Liu Meiling, Liu Yang, Wu Michael C, Hsu Li, He Qianchuan
Public Health Sciences Division, Fred Hutchinson Cancer Research Center, Seattle, WA 98109, USA.
Department of Mathematics and Statistics, Wright State University, Dayton, OH 45435, USA.
Bioinformatics. 2021 Apr 9;37(1):50-56. doi: 10.1093/bioinformatics/btaa1090.
Cancer is a highly heterogeneous disease, and virtually all types of cancer have subtypes. Understanding the association between cancer subtypes and genetic variations is fundamental to the development of targeted therapies for patients. Somatic mutation plays important roles in tumor development and has emerged as a new type of genetic variations for studying the association with cancer subtypes.
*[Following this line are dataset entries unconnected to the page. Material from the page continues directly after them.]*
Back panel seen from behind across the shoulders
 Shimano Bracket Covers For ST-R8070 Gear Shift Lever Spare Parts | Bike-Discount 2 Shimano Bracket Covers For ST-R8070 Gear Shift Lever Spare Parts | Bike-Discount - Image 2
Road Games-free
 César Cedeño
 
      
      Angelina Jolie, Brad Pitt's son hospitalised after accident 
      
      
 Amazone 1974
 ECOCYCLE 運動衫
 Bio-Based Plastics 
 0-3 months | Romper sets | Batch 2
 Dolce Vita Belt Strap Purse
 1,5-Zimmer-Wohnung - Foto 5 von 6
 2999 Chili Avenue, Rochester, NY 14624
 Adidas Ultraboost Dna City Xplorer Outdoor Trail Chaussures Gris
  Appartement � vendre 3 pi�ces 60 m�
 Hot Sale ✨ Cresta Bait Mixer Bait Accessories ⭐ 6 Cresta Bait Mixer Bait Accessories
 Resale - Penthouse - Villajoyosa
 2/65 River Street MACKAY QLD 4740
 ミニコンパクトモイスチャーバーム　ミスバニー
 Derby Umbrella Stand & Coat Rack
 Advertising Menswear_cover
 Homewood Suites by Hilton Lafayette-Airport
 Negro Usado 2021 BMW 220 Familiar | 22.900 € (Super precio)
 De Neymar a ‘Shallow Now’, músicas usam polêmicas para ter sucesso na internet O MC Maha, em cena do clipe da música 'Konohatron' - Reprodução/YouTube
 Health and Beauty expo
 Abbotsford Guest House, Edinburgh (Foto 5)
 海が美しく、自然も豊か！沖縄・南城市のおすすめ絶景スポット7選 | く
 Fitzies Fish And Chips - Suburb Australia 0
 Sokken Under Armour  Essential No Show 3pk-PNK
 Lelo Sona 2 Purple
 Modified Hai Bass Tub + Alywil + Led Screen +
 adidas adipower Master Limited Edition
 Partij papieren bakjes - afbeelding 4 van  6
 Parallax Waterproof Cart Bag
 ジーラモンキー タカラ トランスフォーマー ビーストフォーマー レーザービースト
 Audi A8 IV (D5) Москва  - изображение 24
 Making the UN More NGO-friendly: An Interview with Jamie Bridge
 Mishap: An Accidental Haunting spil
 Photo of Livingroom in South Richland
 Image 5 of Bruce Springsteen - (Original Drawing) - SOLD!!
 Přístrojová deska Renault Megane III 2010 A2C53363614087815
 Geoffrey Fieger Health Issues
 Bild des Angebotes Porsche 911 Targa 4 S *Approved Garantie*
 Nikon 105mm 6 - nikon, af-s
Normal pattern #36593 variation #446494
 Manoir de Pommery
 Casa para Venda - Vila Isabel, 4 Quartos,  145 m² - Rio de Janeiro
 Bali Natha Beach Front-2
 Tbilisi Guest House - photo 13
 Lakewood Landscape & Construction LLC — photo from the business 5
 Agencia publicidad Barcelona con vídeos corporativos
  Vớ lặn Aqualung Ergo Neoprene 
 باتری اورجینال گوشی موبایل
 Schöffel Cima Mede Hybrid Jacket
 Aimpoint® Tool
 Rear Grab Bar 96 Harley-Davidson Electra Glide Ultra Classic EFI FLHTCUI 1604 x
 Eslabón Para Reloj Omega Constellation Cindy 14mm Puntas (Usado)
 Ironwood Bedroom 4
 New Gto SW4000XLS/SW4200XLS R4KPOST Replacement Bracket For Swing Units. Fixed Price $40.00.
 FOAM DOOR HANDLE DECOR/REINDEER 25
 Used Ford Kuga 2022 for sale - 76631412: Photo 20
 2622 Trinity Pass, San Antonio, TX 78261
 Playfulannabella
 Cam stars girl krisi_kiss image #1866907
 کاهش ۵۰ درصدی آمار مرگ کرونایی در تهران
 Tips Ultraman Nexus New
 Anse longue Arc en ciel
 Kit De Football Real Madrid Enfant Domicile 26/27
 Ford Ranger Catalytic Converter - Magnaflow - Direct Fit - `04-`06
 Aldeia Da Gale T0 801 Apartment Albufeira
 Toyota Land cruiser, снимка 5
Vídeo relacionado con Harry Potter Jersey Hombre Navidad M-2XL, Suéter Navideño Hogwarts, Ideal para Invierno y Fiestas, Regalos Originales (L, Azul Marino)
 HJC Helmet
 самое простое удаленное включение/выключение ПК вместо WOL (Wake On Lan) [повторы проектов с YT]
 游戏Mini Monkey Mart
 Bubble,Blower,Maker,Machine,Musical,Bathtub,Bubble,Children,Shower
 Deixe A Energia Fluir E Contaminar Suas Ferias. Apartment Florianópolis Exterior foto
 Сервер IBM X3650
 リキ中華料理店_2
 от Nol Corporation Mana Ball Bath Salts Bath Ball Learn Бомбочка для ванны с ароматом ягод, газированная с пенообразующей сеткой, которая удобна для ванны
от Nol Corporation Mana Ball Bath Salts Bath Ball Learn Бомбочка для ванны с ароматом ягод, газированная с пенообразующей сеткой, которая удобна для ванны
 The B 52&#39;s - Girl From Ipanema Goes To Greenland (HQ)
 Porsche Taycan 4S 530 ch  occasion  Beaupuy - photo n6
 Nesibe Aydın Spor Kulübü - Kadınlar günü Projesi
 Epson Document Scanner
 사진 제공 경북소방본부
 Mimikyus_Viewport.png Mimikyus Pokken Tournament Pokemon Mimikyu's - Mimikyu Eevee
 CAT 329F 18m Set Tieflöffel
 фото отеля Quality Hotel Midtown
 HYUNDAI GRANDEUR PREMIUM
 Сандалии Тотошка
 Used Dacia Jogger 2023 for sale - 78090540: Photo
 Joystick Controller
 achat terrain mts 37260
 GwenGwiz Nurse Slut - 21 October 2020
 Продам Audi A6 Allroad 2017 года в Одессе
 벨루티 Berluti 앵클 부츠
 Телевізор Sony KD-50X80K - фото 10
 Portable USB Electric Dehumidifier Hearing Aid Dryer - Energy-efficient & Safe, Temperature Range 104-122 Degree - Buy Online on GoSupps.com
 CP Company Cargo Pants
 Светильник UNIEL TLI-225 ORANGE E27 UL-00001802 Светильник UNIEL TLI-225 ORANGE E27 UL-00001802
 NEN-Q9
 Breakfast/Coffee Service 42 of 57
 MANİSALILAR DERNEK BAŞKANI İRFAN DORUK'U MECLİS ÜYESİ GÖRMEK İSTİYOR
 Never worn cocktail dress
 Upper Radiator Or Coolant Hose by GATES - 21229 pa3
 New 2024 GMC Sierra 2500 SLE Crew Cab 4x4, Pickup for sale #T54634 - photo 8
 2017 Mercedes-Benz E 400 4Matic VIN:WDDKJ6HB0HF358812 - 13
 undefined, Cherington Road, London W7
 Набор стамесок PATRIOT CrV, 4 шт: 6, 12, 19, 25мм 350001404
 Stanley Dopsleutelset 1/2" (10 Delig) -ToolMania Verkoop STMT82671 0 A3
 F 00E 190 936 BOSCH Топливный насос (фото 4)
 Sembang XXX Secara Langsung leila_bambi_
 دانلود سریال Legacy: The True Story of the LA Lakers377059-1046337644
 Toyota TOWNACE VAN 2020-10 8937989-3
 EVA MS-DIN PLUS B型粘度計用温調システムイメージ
However, the low prevalence of individual mutations poses a tremendous challenge to the related statistical analysis.
In this article, we propose an approach, subtype analysis with somatic mutations (SASOM), for the association analysis of cancer subtypes with somatic mutations. Our approach tests the association between a set of somatic mutations (from a genetic pathway) and subtypes, while incorporating functional information of the mutations into the analysis. We further propose a robust p-value combination procedure, DAPC, to synthesize statistical significance from different sources. Simulation studies show that the proposed approach has correct type I error and tends to be more powerful than possible alternative methods. In a real data application, we examine the somatic mutations from a cutaneous melanoma dataset, and identify a genetic pathway that is associated with immune-related subtypes.
The SASOM R package is available at https://github.com/rksyouyou/SASOM-pkg. R scripts and data are available at https://github.com/rksyouyou/SASOM-analysis.
Supplementary data are available at Bioinformatics online.
癌症是一种高度异质性疾病,几乎所有类型的癌症都有亚型。了解癌症亚型与基因变异之间的关联是为患者开发靶向治疗的基础。体细胞突变在肿瘤发展中起重要作用,并已成为研究与癌症亚型关联的一种新型基因变异。然而,单个突变的低发生率给相关统计分析带来了巨大挑战。
在本文中,我们提出了一种方法,即体细胞突变亚型分析(SASOM),用于癌症亚型与体细胞突变的关联分析。我们的方法测试一组体细胞突变(来自一个基因通路)与亚型之间的关联,同时将突变的功能信息纳入分析。我们进一步提出了一种稳健的p值组合程序DAPC,以综合来自不同来源的统计显著性。模拟研究表明,所提出的方法具有正确的I型错误率,并且比可能的替代方法更具功效。在实际数据应用中,我们检查了一个皮肤黑色素瘤数据集的体细胞突变,并确定了一条与免疫相关亚型相关的基因通路。
SASOM R包可在https://github.com/rksyouyou/SASOM-pkg获取。R脚本和数据可在https://github.com/rksyouyou/SASOM-analysis获取。
补充数据可在《生物信息学》在线获取。